A review of the evidence, however, clearly shows that the trial justice was wrong in distributing 80 percent of the equity in the marital domicile to the wife. Despite her finding that the wife's father's gifts to the *1133 couple were not given solely to the wife, the trial justice proceeded to divide the home by "reviewing the fact that the plaintiff's father made such substantial contributions in the acquisition of each of the homes that the parties had owned." Some modification is therefore necessary to achieve an equitable distribution of the assets.

The facts of this case indicate that only a slight modification of the trial justice's order is necessary. In the case of Casey v. Casey, 494 A.2d 80 (R.I. 1985), this court stated that a division of marital property need not be equal to be equitable. If the court were to divide the value of the marital domicile equally, this would not result in an equal division of the marital property. The husband's division would instead exceed the wife's in light of the division of the other marital assets. According to the trial justice's order, the wife does not receive 80 percent of the total assets but rather only approximately 65 percent. These figures do not consider the fact that the husband is entitled to keep his automobile (a 1986 Ford Thunderbird) that is estimated, according to the justice's decision, to be worth considerably more than the wife's automobile (a 1984 Subaru). The court also considered the division of property in declining to award the wife counsel fees. We find that equity requires that we consider the value of the husband's car and the value of the husband's liquid assets (which amount to nearly three times that of the wife's liquid assets). After considering these facts, we have determined that a distribution of 60 percent of the marital domicile to the wife and 40 percent to the husband is fair and equitable.

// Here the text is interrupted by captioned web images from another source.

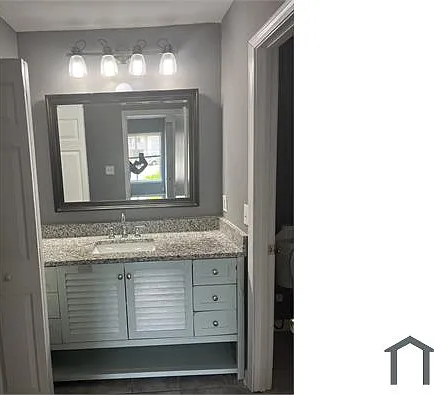 3 bed, 1410 sqft, $2,800 — Photo 3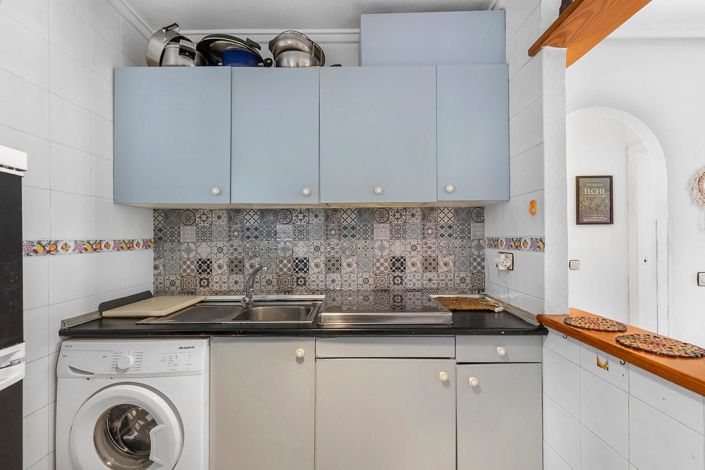 Image No.15-2 Bed Bungalow for sale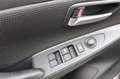Mazda 2 G75 Homura Klimaautomatic  PDC Kamera Béžová - thumbnail 11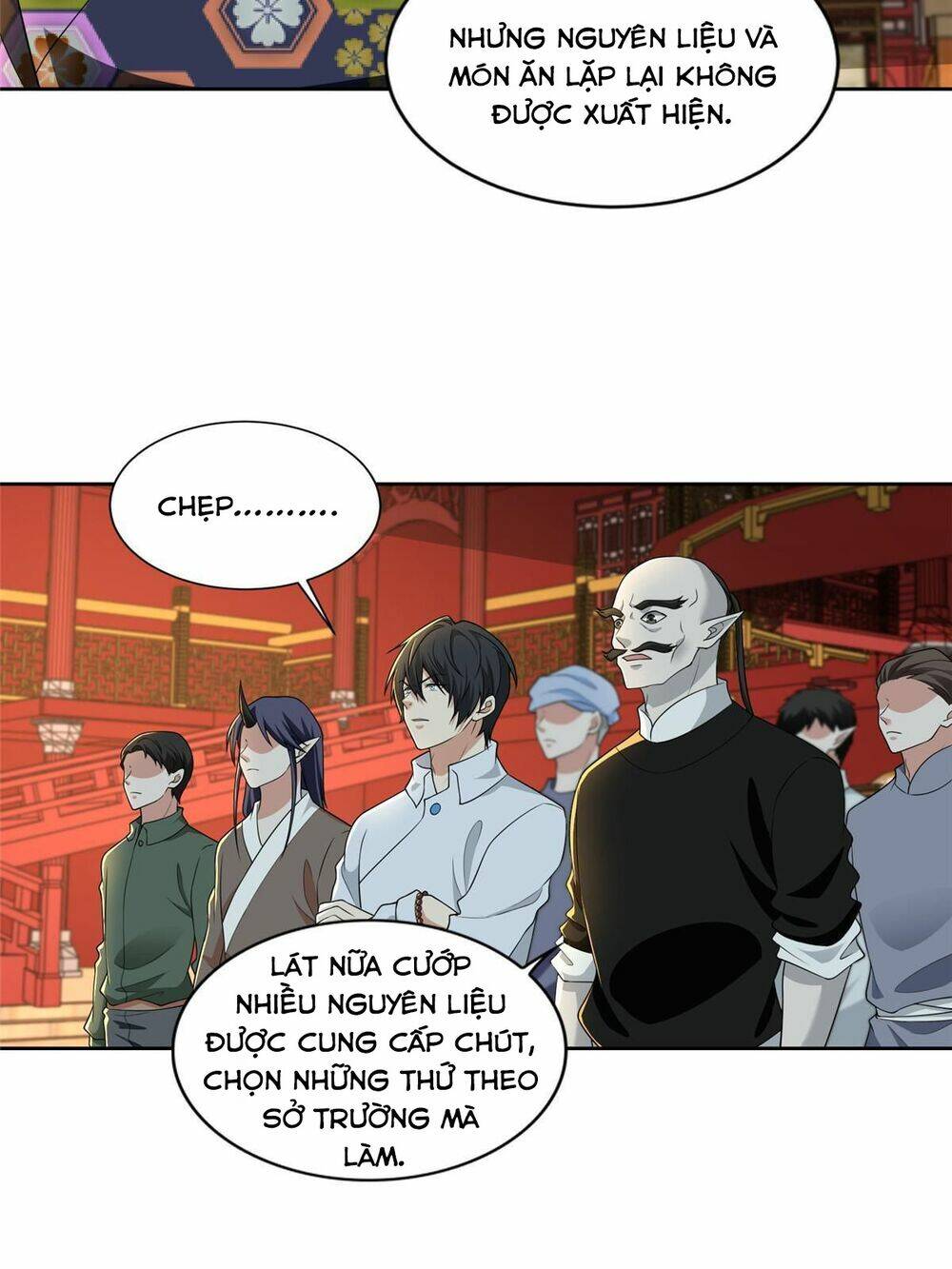 Chương 290 - Trang 16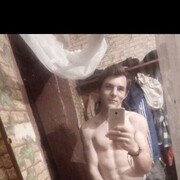  ,   , 22 ,   ,   , c 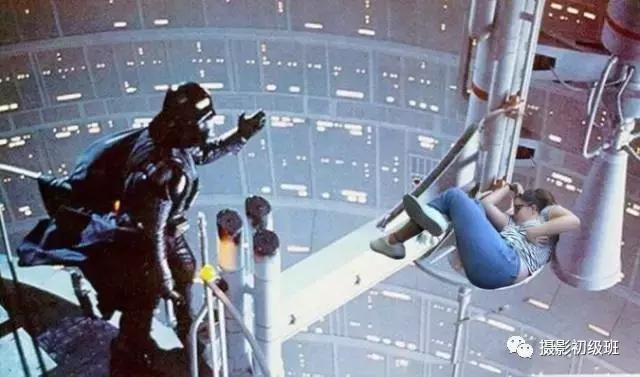 妹子睡姿,姑娘的搞笑睡姿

The final issue is that of alimony. According to § 15-5-16, the following factors may be considered in awarding alimony: the length of the marriage, the conduct of the parties during the marriage, the health, age, station, and occupation of each, the amount and source of their income, the vocational skills and employability of the parties, and the liabilities and needs of each of the parties. This court has stated that alimony is designed to provide support for an ex-spouse based on need. Fisk v. Fisk, 477 A.2d 956 (R.I. 1984). It should be payable for a limited and definite period and it should be reasonably calculated to allow the recipient to become financially independent. Stevenson v. Stevenson, 511 A.2d 961 (R.I. 1986).

In the instant case the trial justice determined that the income of the husband and the wife differed greatly. The net income of the wife was determined to be $207 per week, which contrasts significantly with the weekly income of the husband, which was determined to be $669. Moreover, it appears that the husband had established himself in a secure job as an executive at Digital Corporation whereas the wife was still pursuing a bachelor's degree. The trial justice was therefore correct in awarding the wife $225 per week for four years in order "specifically [to] allow her to get her bachelor's degree and become employed at a job so that her income will be approximately $20,000 a year." This award of alimony, which is limited to a four-year period, will help the wife to become financially independent and self sustaining.

In conclusion, the defendant's appeal is without merit except in regard to the division of the equity in the marital domicile. Accordingly the judgment is amended to allow the wife to receive 60 percent of the equity in the marital domicile, and the award of alimony is hereby affirmed. The case is remanded to the family court with instructions to amend the judgment to render it consistent with this opinion.